Illustration concrète, le témoignage de Joe Kiani, confié au Wall Street Journal. Il est le fondateur de Masimo, une société qui fabrique des appareils de mesure de l'oxygène dans le sang. "Lorsqu'Apple s'intéresse à une entreprise, c'est le baiser de la mort", a-t-il déclaré. "D'abord, on s'enthousiasme. Puis on se rend compte que le plan à long terme est de tout faire soi-même et de tout prendre".
Débauchage de salariés et violation de brevet
Apple l’aurait contacté pour lui parler d’un partenariat potentiel en vue de l’intégration de sa technologie dans l’Apple Watch, puis les discussions se seraient arrêtées.
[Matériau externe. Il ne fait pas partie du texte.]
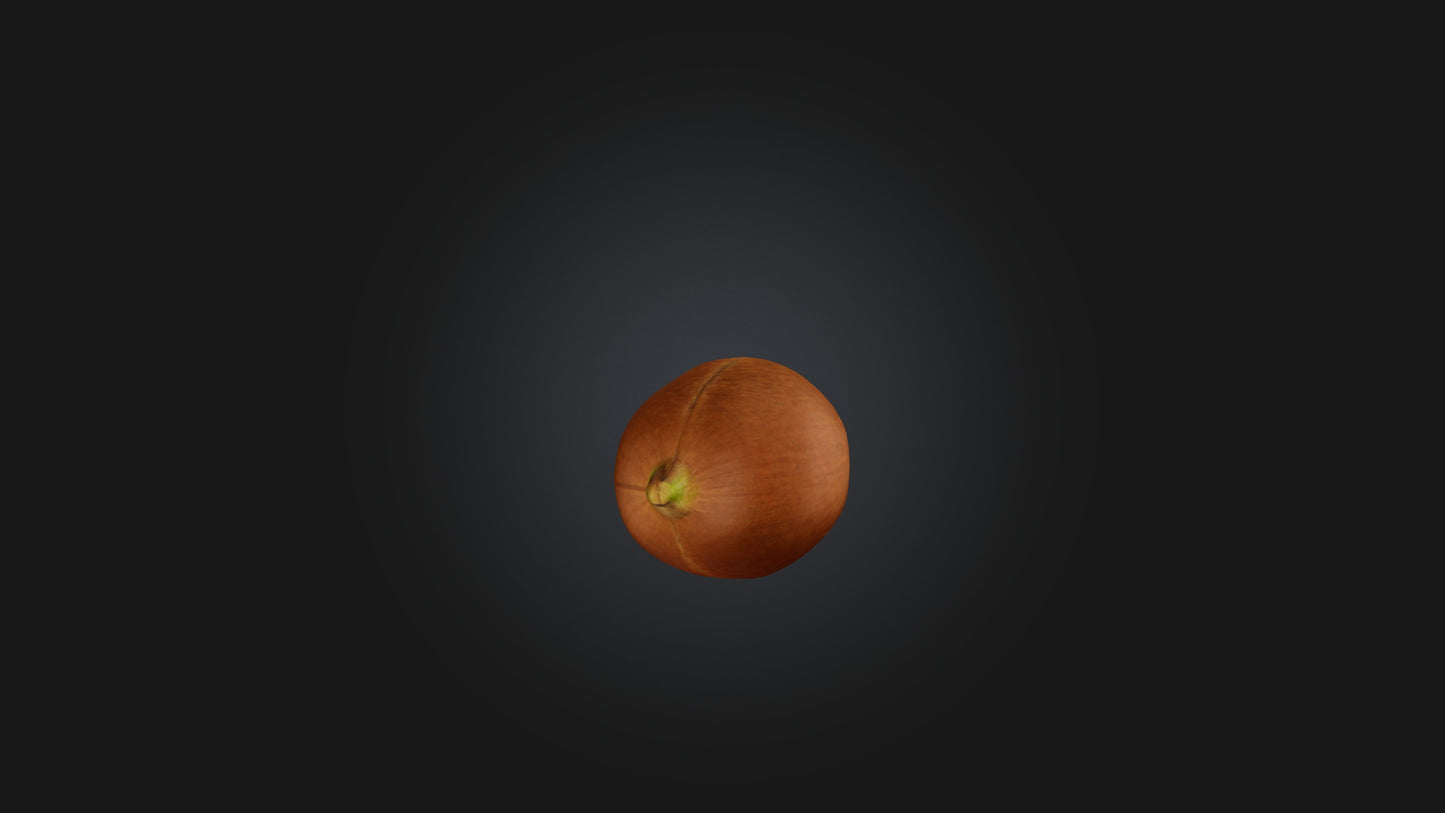 3D model Hazelnut Model VR / AR / low-poly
Le géant américain aurait alors débauché le directeur médical de Masimo, lui proposant de doubler son salaire et d’y ajouter des millions d’euros sous forme d’actions. Il aurait ensuite publié des brevets similaires à ceux de Masimo sous son nom, débauché une trentaine d’autres de ses employés (des ingénieurs notamment), et lancé la fonctionnalité.
En 2020, Masimo a intenté un procès à Apple devant le tribunal fédéral de district du sud de la Californie, accusant la société d'avoir eu accès à des informations exclusives en embauchant ses employés. Le procès est toujours en cours.
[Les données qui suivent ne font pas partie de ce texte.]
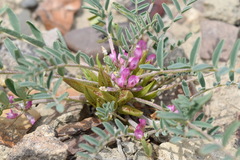 Astragalus oxyglottis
En 2021, la société a également déposé une plainte pour violation de brevet contre Apple devant la Commission du commerce international. En janvier dernier, un juge de la commission a émis une première conclusion selon laquelle certains modèles de l'Apple Watch avaient effectivement enfreint l'un des brevets de Masimo. L'enquête devrait s'achever le mois prochain.
Des recours en justice coûteux pour les petites entreprises
Joe Kiani a déclaré que Masimo avait jusqu'à présent dépensé 55 millions de dollars pour ses procès contre Apple et estime que cela coûtera probablement plus de 100 millions de dollars au total. Des sommes astronautiques que toutes les entreprises ne peuvent pas se permettre d’investir pour se défendre.
Plusieurs autres développeurs se sont plaint de ce genre de méthodes anti-concurrentielles. Blix a allégué qu'Apple avait volé sa technique d'anonymisation des adresses électroniques lors de l'inscription à des services en ligne en lançant la fonctionnalité "Sign in with Apple" en 2019. Tile, le fabricant de dispositifs de suivi d'objets qui s'intégraient autrefois de manière transparente à l'iPhone, s'est opposé à Apple après que la société a lancé un produit similaire appelé AirTag en 2021.
Et les plus grosses entreprises sont aussi concernées. En janvier 2022, l'équipementier télécom suédois Ericsson a accusé Apple d'utiliser ses brevets relatifs à la 5G. L'entreprise de Tim Cook s'est aussi durement fâchée avec Qualcomm à propos du coût de ses droits de licence, un contentieux qui s'est soldé en justice par une victoire de Qualcomm en 2019.
Plus de contentieux sur les brevets que n'importe quelle autre entreprise
Selon la société de recherche en propriété intellectuelle Patexia, depuis 2012, Apple a tenté de faire invalider plus de brevets technologiques devant la Commission de première instance et d'appel que n'importe quelle autre entreprise. Apple nie les accusations, assurant payer des droits de licence à de nombreuses sociétés de tailles différentes et expliquant que les entreprises ayant porté plainte contre lui avaient en fait déposé des brevets couvrant des domaines trop larges.
En 2019, une enquête du Washington Post avait déjà soulevé le problème, citant les exemples de Clue, une application permettant aux femmes de gérer leurs cycles menstruels, ou de MyLite et DoApp, des applications proposant une fonctionnalité de lampe torche, devenues immédiatement obsolètes lorqu’Apple a intégré la fonction à son système d'exploitation en 2013.